### RAW DATA

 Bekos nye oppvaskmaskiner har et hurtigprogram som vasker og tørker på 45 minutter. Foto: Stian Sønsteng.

######
### RAW DATA

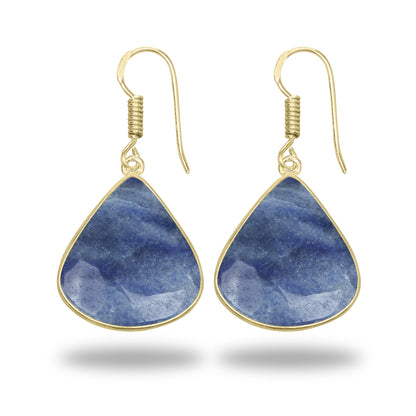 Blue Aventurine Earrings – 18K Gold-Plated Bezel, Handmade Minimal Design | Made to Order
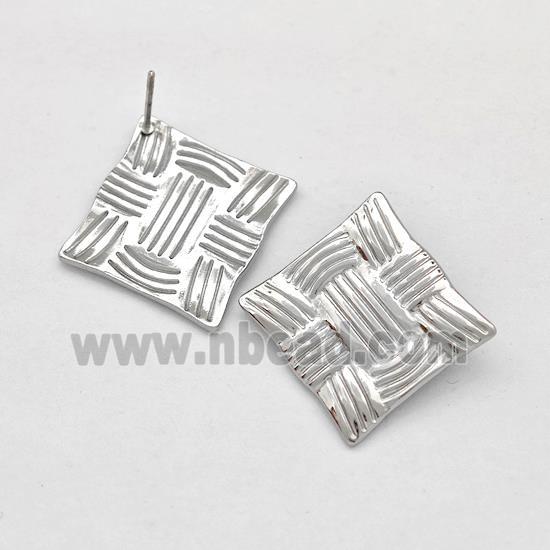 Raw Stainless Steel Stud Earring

######
### RAW DATA

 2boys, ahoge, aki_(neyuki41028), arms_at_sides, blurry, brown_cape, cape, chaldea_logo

######

# [DIRECTIONS]
Keep to the stretch from the line containing "Blue Aventurine Earrings" through the line containing "Raw Stainless Steel Stud Earring", both ends included, and copy it exactly from the listing above, minus the pictures.

# [RESULT]
 Blue Aventurine Earrings – 18K Gold-Plated Bezel, Handmade Minimal Design | Made to Order
 Raw Stainless Steel Stud Earring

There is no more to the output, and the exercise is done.